Rephrase Rules
Rephrasing is useful for synonyms, spelling variations, acronyms, and abbreviations. In these cases, the goal is to change one form of a word or phrase into another. For example:
- color and colour are accepted spellings of the same word.
- NGO is a Non-Governmental Organization.
- config. is an abbreviation of configuration.
In IBM Watson™ Explorer Engine XML, these types of mappings are referred to as rephrase elements. In the Watson Explorer Engine administration tool, they can be specified by selecting rephrased as the treatment of the word or phrase, filling in the rephrased to box, and then clicking Save. If you access the XML for a knowledge base by clicking the XML button on the Knowledge Bases >> Entry List tab, you could write the rephrase rules directly, as shown in the following example:
<rephrase this="freeware" as="free software" /> <rephrase this="color" as="colour" /> <rephrase this="ngo" as="non-governmental organization" /> <rephrase this="config" as="configuration" />
The order of the rephrase is significant. By rephrasing freeware as free software, the word software is now a potential label for a cluster containing freeware and other software. Deciding how to handle acronyms is subtle enough that we have a section specifically on Handling Acronyms.
Conceptually, rephrase is similar to the standard search and replace function found in word processors. The fundamental difference, however, is that the search is done using stem classes (see Stemming) and not simple strings. For example, consider the following rephrase rule:
<rephrase this="color" as="colour" />
This rule will find occurrences of text that have the stem class as "color" and replace them with the stem class of the as part, in this case "colour". Consequently, "colors" and any other form of the word will also be mapped to "colour". This differs from the Stemming rule in that it effectively merges the stem classes of the this word and the as word, instead of removing a member of one class and inserting it into the other.
Rephrase rules can also be used to add domain-specific or localized mappings between apparently un-related terms, but the way in which this is displayed in your search application can be somewhat confusing. For example, if you are from Pittsburgh, you might want to rephrase the terms "soda" and "pop", because the latter is the regional term for carbonated beverages. This would prevent you from seeing separate clusters for "soda" and "pop", but the name of the cluster that you actually get is based on the more common of the two terms in your search results, not on the order within the rephrase rule. Regardless of the cluster name that is used, the cluster will always contain results that match either "soda", "pop", or both terms.

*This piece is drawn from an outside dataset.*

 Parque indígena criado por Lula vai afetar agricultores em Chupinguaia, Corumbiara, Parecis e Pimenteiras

Rephrase rules are also useful for filtering input. For example, to eliminate a word from use in cluster labels but to allow potential matches across that word, create a rephrase rule that maps that word to NULL, as in the following example:
<rephrase this="boeing" as=""/>
This simply removes the word from the input.

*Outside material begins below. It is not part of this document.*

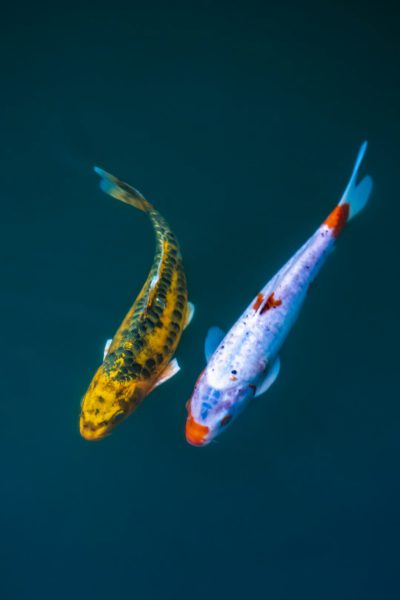 Two koi fish are swimming in the water. One is yellow and black with white dots on its body, the other has a red tail and blue back. It is a side view with a minimalist, dark green background. The style is simple with a symmetrical composition. It is a closeup, macro photograph with professional color grading. Clear details and sharp focus are shown with high resolution and high quality. --ar 85:128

Similarly, you may want to eliminate a word or phrase from cluster labels and prevent search results from including phrases that span that word or phrase (or any stemming class within it). As mentioned at the end of the section on Clustering Stopwords, this can be done by creating a rephrase rule that maps the specified word or phrase to a pipe ("|") symbols. Rephrasing one or more words to a pipe symbol has two primary effects:
- prevents the word(s) in the phrase and all other words that share any of their stemming classes from being used as cluster labels
- identifies the word(s) in the phrase and all other words that share any of their stemming classes as phrase-breaking terms (because they are literally being mapped to the pipe symbol). No search results can match a phrase that contains these words because each of them causes Watson Explorer Engine to see a new phrase.
The pipe symbol does not invoke any special function other than being an example of phrase-breaking punctuation that we expect to always be phrase-breaking punctuation. See the Supported Punctuation section of the Advanced for more information.